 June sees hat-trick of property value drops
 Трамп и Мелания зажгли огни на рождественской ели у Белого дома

————

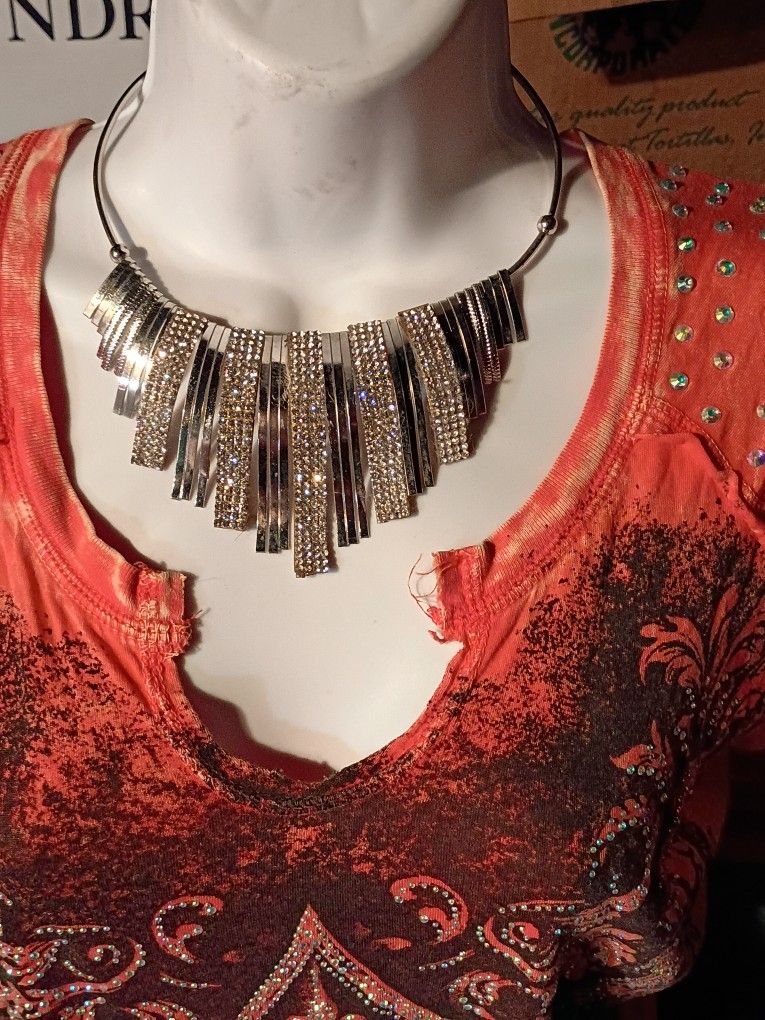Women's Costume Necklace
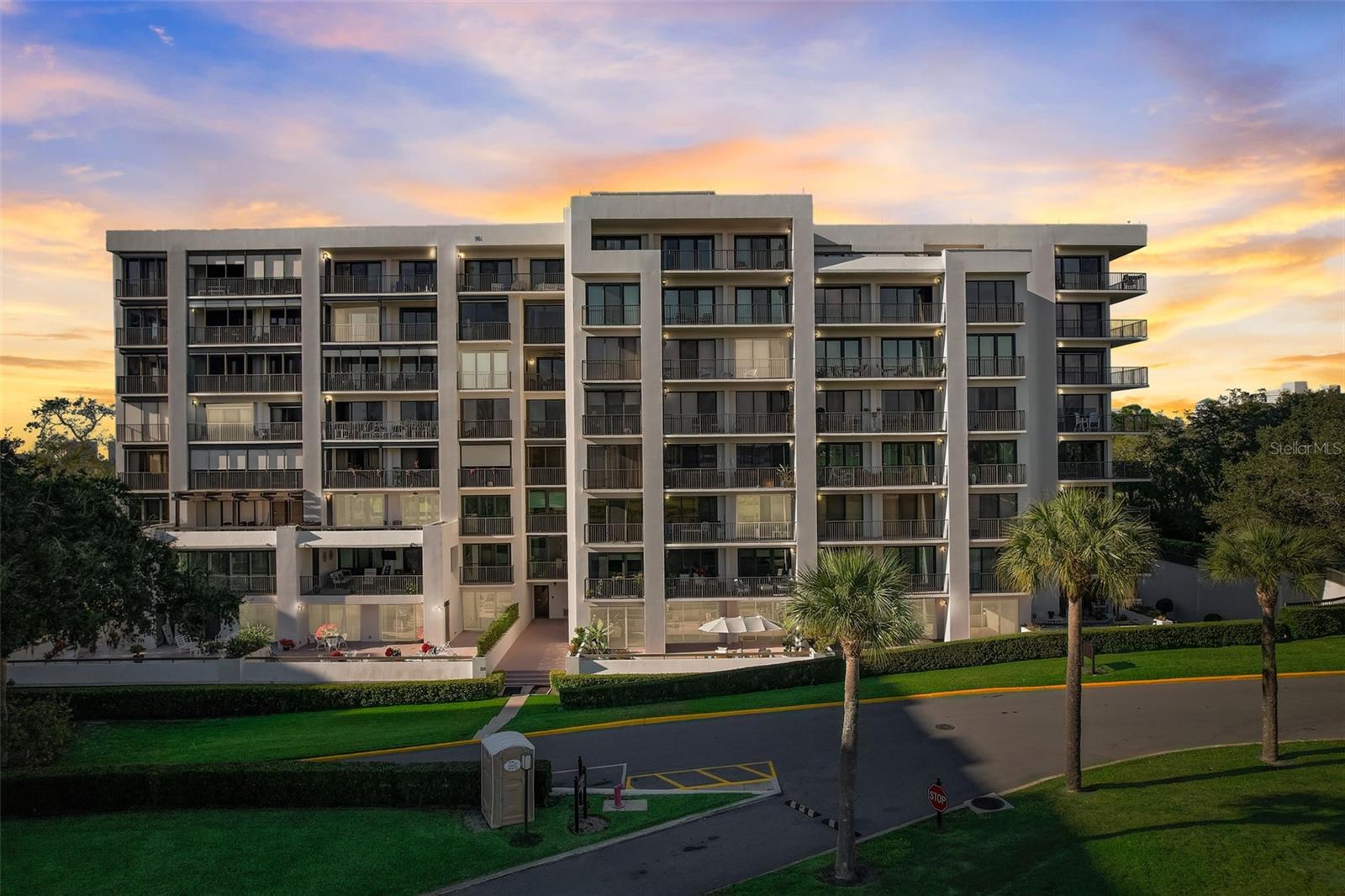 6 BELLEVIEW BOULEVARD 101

————

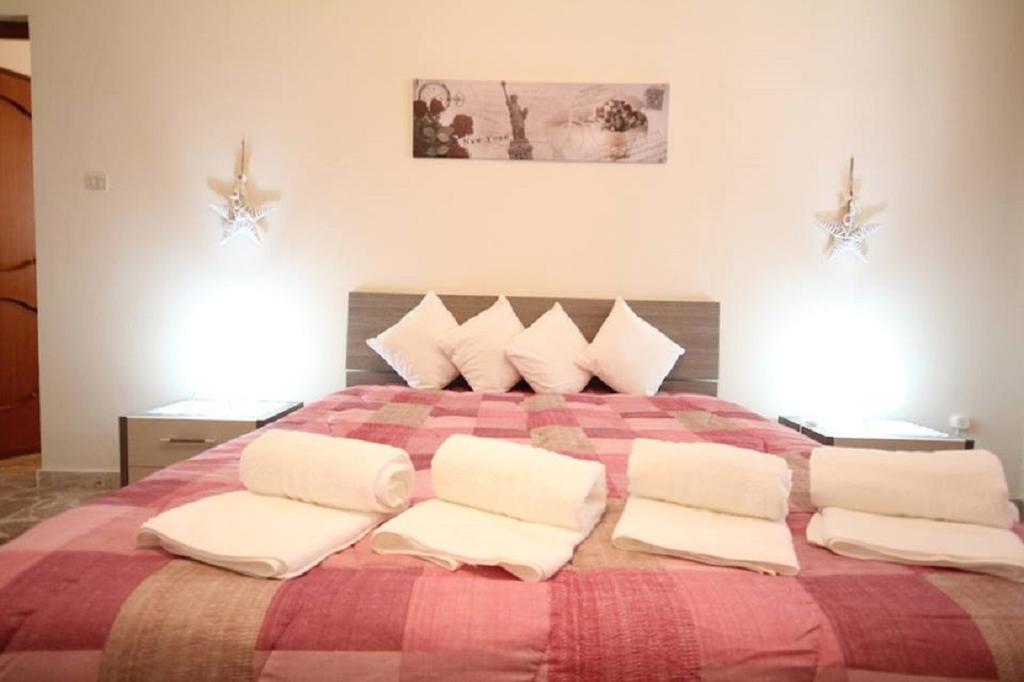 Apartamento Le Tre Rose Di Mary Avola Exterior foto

————

Your task:
Quote the listing above, but only from the line that shows "June sees hat-trick of property value drops" through the line that shows "Трамп и Мелания".

Expected answer:
 June sees hat-trick of property value drops
 Трамп и Мелания зажгли огни на рождественской ели у Белого дома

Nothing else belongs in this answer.